After a pre-amplification, the sample may be partitioned, and a first amplification performed with variant specific primers and tailed primers. The variant-specific primers may be breakpoint-spanning primers. The tailed primers generate tailed amplicons. The annealing and extending of the tailed primers and variant-specific primers may include thermocycling the amplicons in the presence of the variant-specific primers at temperatures that yields substantially only linear production of the copies. The variant-specific primers may be designed to anneal near, and be extended through, a variant of interest. Preferably, the variant-specific primers are designed to anneal to, and only be extended in the presence of, a variant of interest. The variant may be a polymorphism, a small indel, or a breakpoint of a structural variant.

The downstream amplifying steps may be performed together by thermocycling at temperatures that promote exponential amplification. For detection, a second amplification is performed on the tailed amplicons in the presence of a detection probe. The detection probe may be a hydrolysis probe that anneals to the tail and is digested by exonuclease activity of a polymerase used for the amplifying step. The detection probes may be universal probes that anneal to a universal probe binding site on a tail of the tailed amplicons.

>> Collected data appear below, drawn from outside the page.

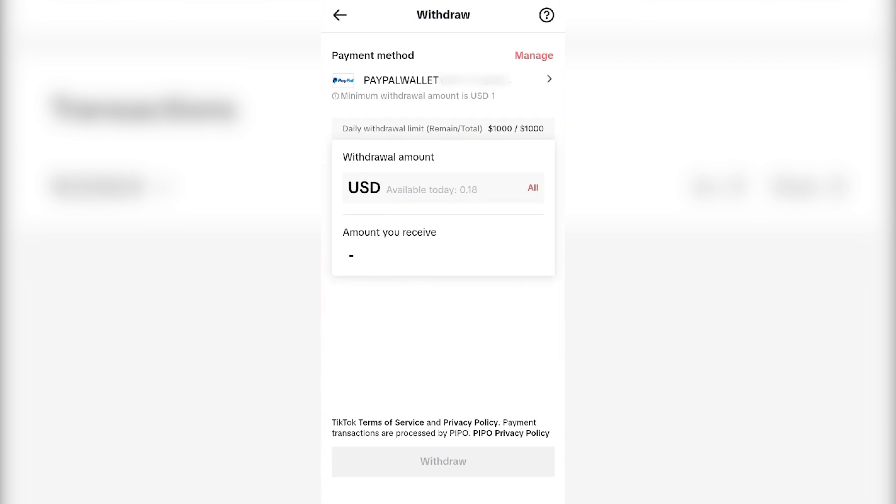Click on the PayPal option and type in your PayPal email and password details, whatever details you have to provide. After that, your payment method PayPal is added to your TikTok account.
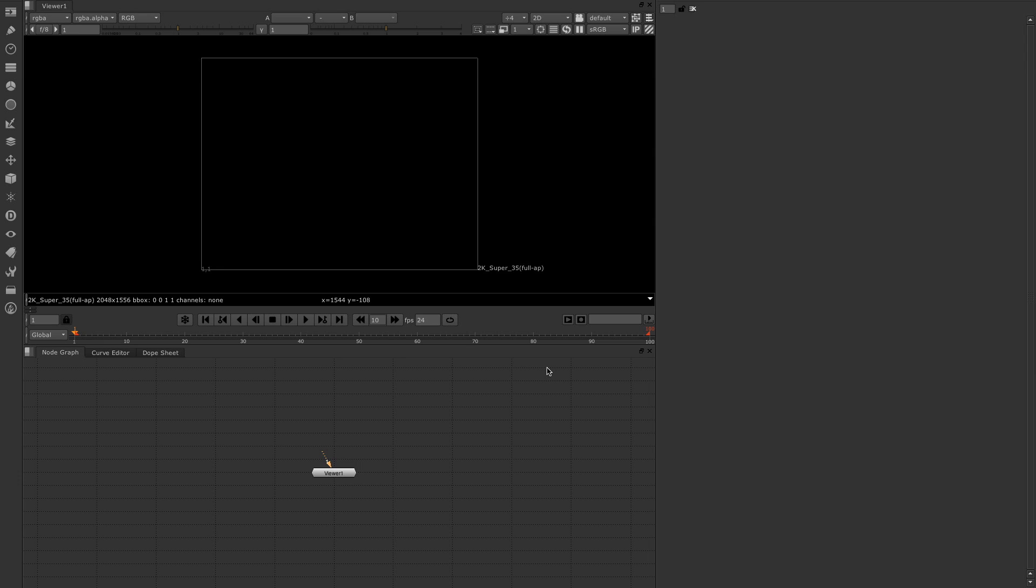Hello, this is Matt Leonard for the Foundry, and in this video we're looking at the particle cache node, a new feature of Nuke 8.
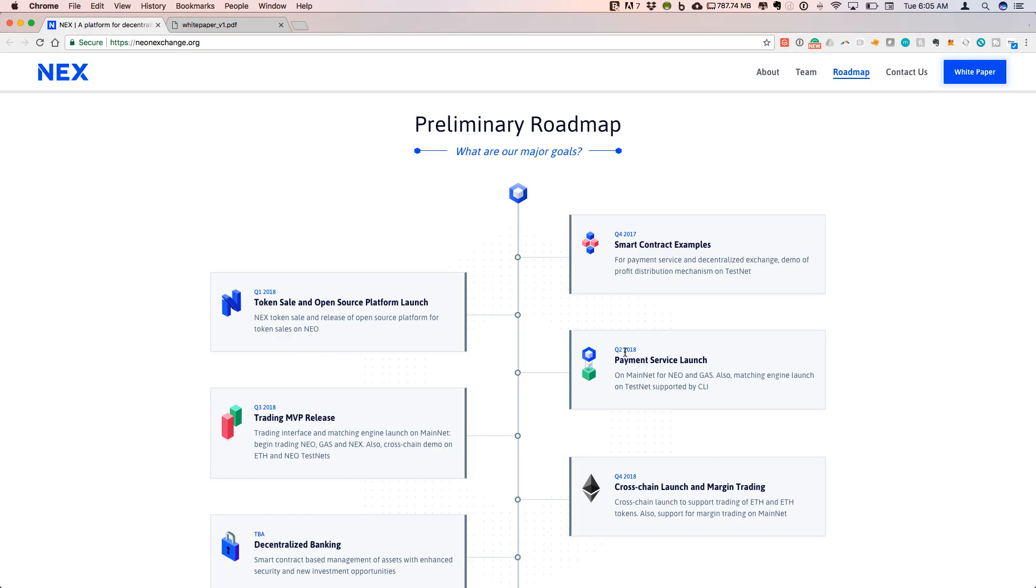In Q2 of 2018 they will launch a payment service. This is going to start with NEO and GAS, and then the trading interface will be launched in Q3, and finally margin trading will be added by Q4.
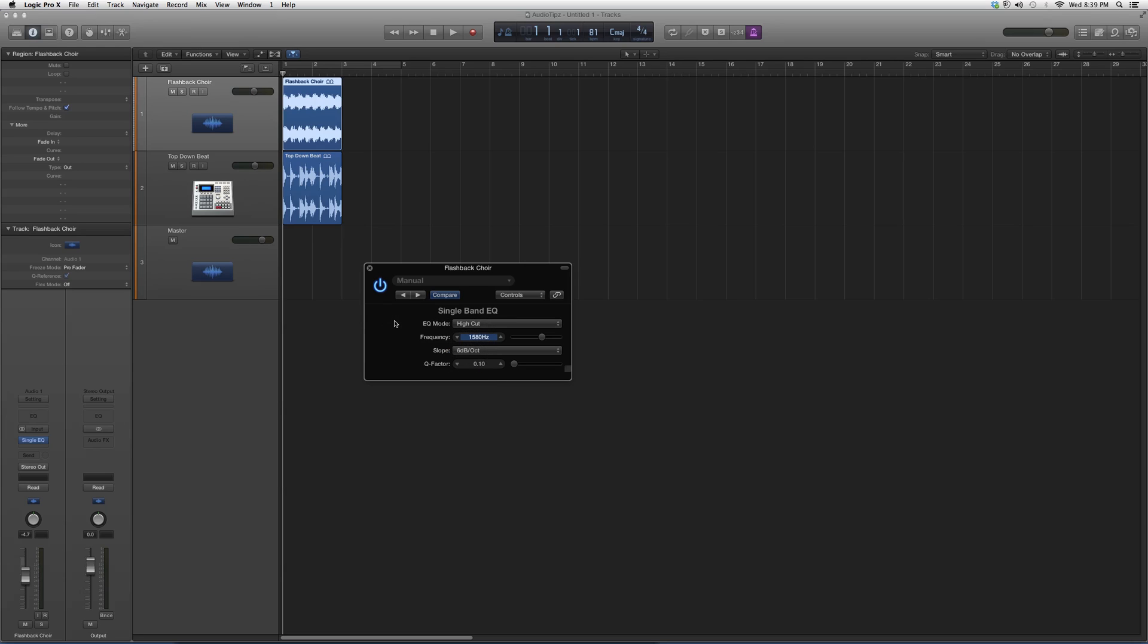I hope you guys learned something new. This is based on what kind of option you choose - low cut, low shelf, parametric, high shelf, or high cut. Basically the best way to learn is just throw on a vocal track, play around with the frequency response, the Q factor, the slope, and the EQ mode, and see what gets you the best result.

The polymerase used in the preamplification may need to be inactivated after the pre-amplification. The inactivating step may be performed with a thermolabile proteinase, and the method may include heat denaturing the proteinase prior to the dPCR amplifying steps. The amplification may be performed with no sample cleanup between steps.

Amplification methods as set forth herein may be performed with multiplexed primer and probe sets that amplify and detect multiple distinct structural variants of interest. The detection probes may include one or more universal primer that anneals to a universal binding site on a tail of the tailed amplicons. In some embodiments, identical copies of the universal probe can be used simultaneously in a single dPCR assay to detect the multiple distinct variants of interest. In some embodiments, multiple distinct GSVs are detected in a single sample. In further embodiments, the sample is in a single well or several wells.